Improvements in agriculture will allow for food production adequate to support a predicted peak world population on the order of 9 billion people with excess capacity for growing energy crops. Maximizing the potential contribution of biofuels requires commercializing methods for producing fuels from lignocellulosic feedstocks (including agricultural residues and wastes), which have the potential to generate five to ten times more fuel than processes that use starches from feedstocks like sugar cane and corn. Recent advances in molecular and systems biology show great promise in developing improved feedstocks and much less energy-intensive means of converting plant material into liquid fuel. In addition, intrinsically more efficient conversion of sunlight, water, and nutrients into chemical energy may be possible with microbes.


    Conduct intensive research into the production of biofuels based on lignocellulose conversion.

    Invest in research and development on direct microbial production of butanol or other forms of biofuels that may be superior to ethanol.

    Implement strict regulations to insure that the cultivation of biofuels feedstocks accords with sustainable agricultural practices and promotes biodiversity, habitat protection, and other land management objectives.

    Develop advanced bio-refineries that use biomass feedstocks to self-generate power and extract higher-value co-products. Such refineries have the potential to maximize economic and environmental gains from the use of biomass resources.

    Develop improved biofuels feedstocks through genetic selection and/or molecular engineering, including drought resistant and self-fertilizing plants that require minimal tillage and fertilizer or chemical inputs.

    Mount a concerted effort to collect and analyze data on current uses of biomass by type and technology (both direct and for conversion to other fuels), including traditional uses of biomass.

    Conduct sustained research to assess and mitigate any adverse environmental or ecosystem impacts associated with the large-scale cultivation of biomass energy feedstocks, including impacts related to competition with other land uses (including uses for habitat preservation and food production), water needs, etc.

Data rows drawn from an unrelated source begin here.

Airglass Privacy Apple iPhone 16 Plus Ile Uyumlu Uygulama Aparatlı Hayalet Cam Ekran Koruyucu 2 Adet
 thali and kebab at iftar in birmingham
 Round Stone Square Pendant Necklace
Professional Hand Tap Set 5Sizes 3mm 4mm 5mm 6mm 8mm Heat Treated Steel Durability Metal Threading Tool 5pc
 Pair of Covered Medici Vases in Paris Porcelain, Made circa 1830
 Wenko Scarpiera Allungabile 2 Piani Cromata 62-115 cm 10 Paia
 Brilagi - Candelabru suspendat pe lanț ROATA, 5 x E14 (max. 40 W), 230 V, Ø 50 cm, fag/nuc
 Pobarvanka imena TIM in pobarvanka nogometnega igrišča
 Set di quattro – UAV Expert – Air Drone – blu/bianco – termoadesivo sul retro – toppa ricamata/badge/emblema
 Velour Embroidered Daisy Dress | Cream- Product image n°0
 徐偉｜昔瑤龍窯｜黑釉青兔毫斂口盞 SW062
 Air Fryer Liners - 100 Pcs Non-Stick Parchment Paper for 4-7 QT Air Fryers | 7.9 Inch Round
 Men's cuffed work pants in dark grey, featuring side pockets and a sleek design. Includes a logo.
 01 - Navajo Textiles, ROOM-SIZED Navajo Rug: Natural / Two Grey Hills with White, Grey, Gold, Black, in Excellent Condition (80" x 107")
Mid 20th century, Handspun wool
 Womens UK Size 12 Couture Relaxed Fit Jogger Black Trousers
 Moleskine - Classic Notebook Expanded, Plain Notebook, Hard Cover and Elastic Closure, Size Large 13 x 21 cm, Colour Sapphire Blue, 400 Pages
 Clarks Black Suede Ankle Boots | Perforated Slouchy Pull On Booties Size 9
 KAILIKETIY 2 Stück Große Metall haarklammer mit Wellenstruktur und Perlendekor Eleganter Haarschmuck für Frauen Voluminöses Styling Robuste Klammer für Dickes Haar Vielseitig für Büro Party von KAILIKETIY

    Needed actionsThe S&T community and the private sector should greatly augment their research and development (and deployment) efforts toward more efficient, environmentally sustainable technologies and processes for the production of modern biofuels. Governments can help by stepping up public research and development funding and by adapting existing subsidy and fiscal policies so as to favor the use of biofuels over that of fossil fuels, especially in the transport sector.Governments should pay appropriate attention to promoting sustainable means of biofuels production and to avoiding conflicts between biofuel production and food production.